Dual from the inELLIPSOID. The Chestahedron is not regular, nor does it admit a circumsphere, midsphere, or insphere. It's a bit elongated, so an ellipsoid seemed a reasonable alternative. In fact, I have found the circumellipsoid, and the inellipsoid. Using the in ellipsoid, I locate a unique point on each face (not a centroid). Connecting these yields a solid that at least conforms to the requirements for a proper dual. Also, it is like a (inverted) Chestahedron, but with different proportions.

So, here is the "dual" from the inellipsoid method...

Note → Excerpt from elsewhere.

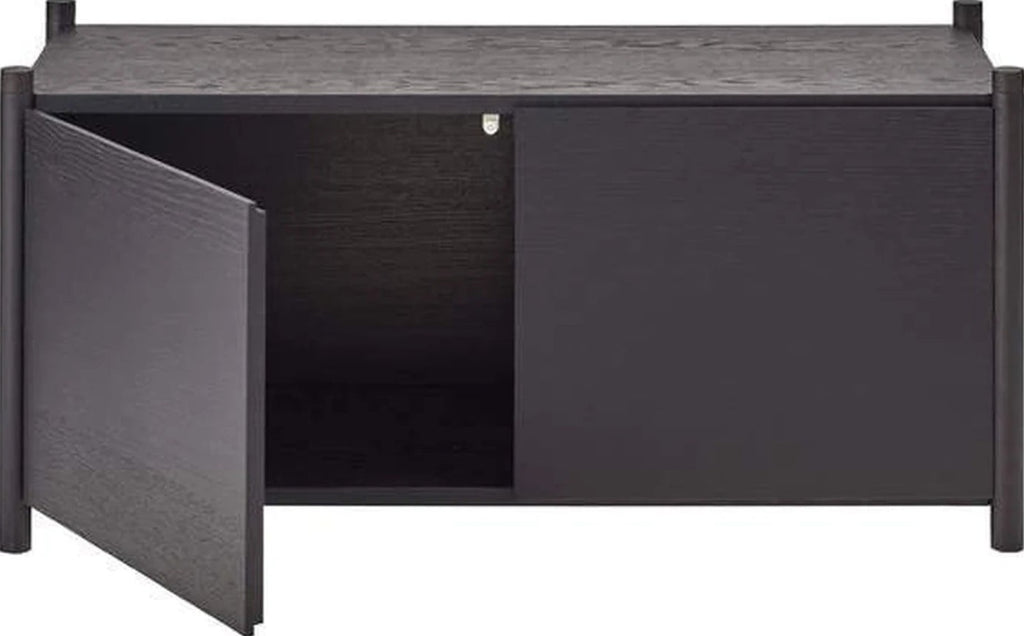 Gejst Sceene Bookcase G Black Oak — Modular Shelf System 45×93×39 Cm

(Note: This is very close to a Chestahderon with an areas ratio of 2:1 (in a family I call "k-Chestahedra", where k is a non-zero positive integer representing the ratio of areas). Since I did this graphically/experimentally, not analytically, it is inexact (though quite close), which might account for the numbers not showing it to be exactly a k-2 Chestahedron. So, this matter is still open.

FYI, in addition to the above investigation, and using Stella4D, I have attempted to use Macaulay2, but with limited success. It does find duals (the 'polar'), but is not a geometry app, per se, but for algebraic geometry/commutative algebras - and therein lies a snag:( The dual it returns

*almost*conforms as a proper dual, but it includes a "ray". Unfortunately, at this time, I do not fully understand what this is in the context of the realm of Macaulay2. It's a direction associated with a "cone". Anyhow, regardless of what it is, it prevents me from getting a proper solid to inspect - though I have looked at what it generated, and it does not look "correct".

In closing, I seek the dual of the Chestahedron. My understanding of a "dual" is decent, but not complete, and possibly in error in some aspects. I'm hoping to clear up all of this, and come to a properly informed presentation of the Chestahedron dual.

And again, I ask, How does Stella4D determine the dual? TIA.